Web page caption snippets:
[Start of section]
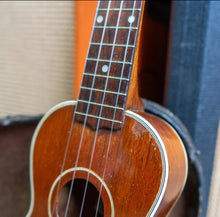 Load image into Gallery viewer, Gibson Ukulele-2 - 1930s/1940s Vintage Ukulele - (Pre-Owned)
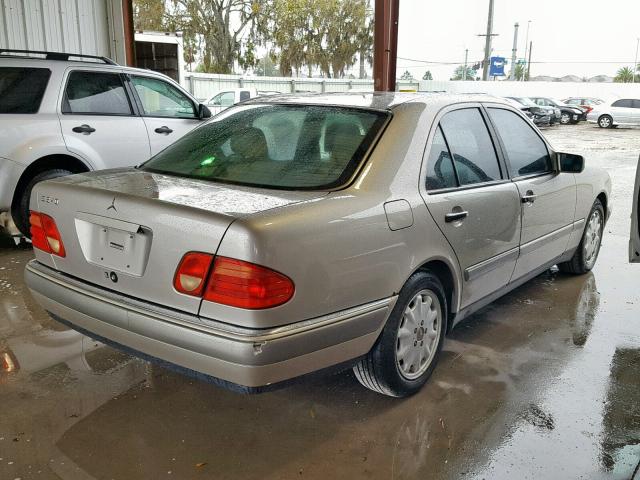 WDBJF55F4VA300685 - 1997 MERCEDES-BENZ E 320 GRAY photo 4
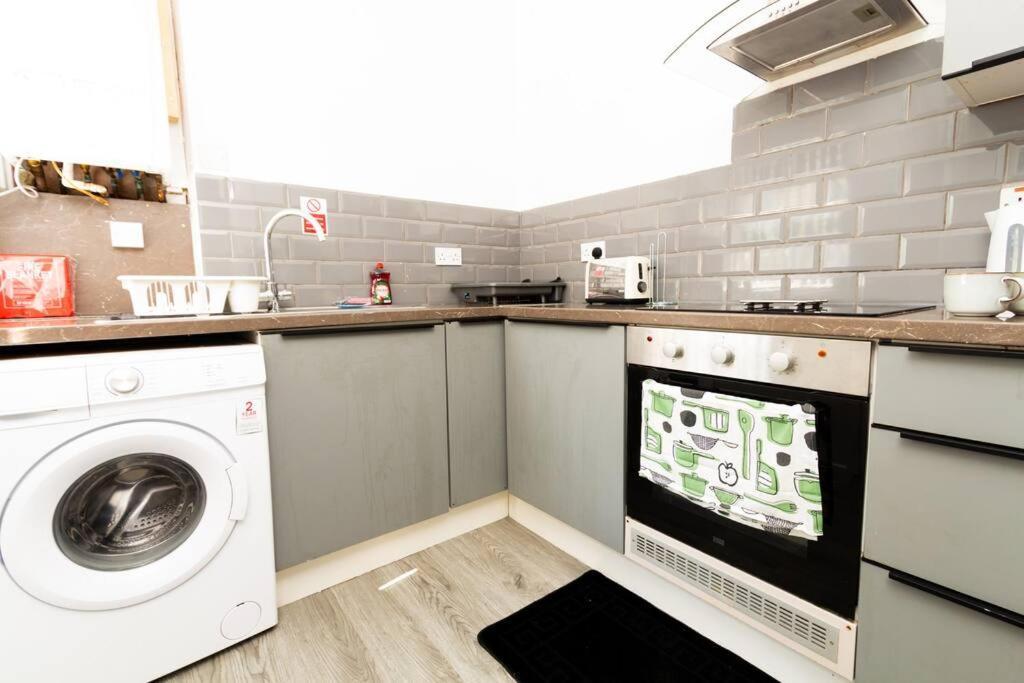 Apartment 5 - Refurbished In A Shared House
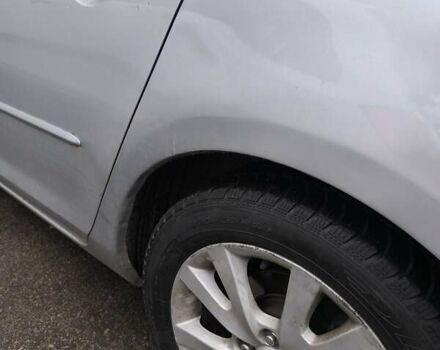 Сірий Мазда 3, об'ємом двигуна 2 л та пробігом 350 тис. км за 4900 $, фото 10 на Automoto.ua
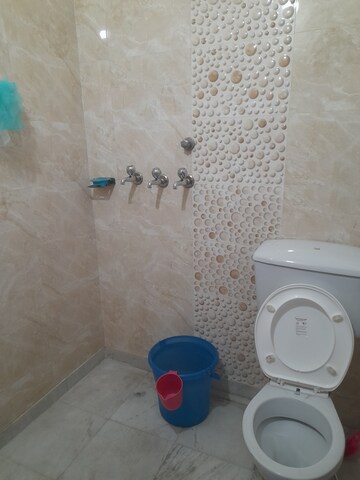 Bathroom in 1 BHK Builder Floor at Sector 38 – for Rent
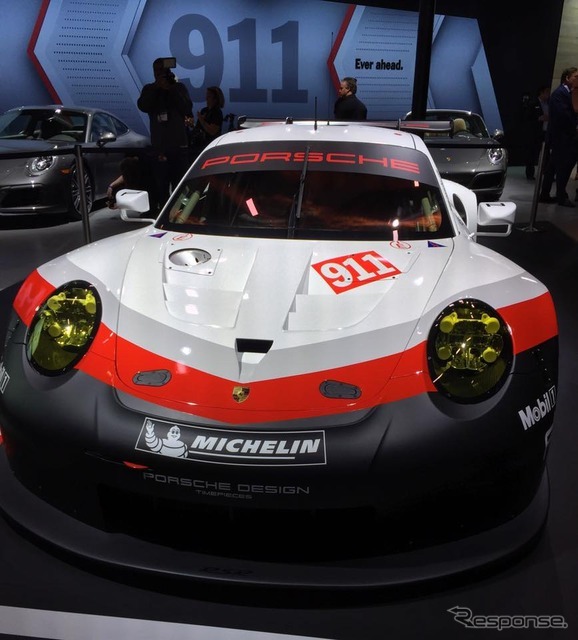 ポルシェ 911 RSR 新型（ロサンゼルスモーターショー16）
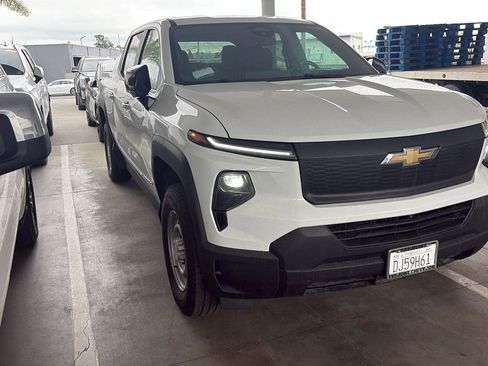 Used 2024 Chevrolet Silverado EV W/T image 3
[End of section]
Task instructions: Output only the lines running from the line with "Сірий Мазда 3, об'ємом" through the last line of the entries above, inclusive, with pictures excluded.

Output of the task:
 Сірий Мазда 3, об'ємом двигуна 2 л та пробігом 350 тис. км за 4900 $, фото 10 на Automoto.ua
 Bathroom in 1 BHK Builder Floor at Sector 38 – for Rent
 ポルシェ 911 RSR 新型（ロサンゼルスモーターショー16）
 Used 2024 Chevrolet Silverado EV W/T image 3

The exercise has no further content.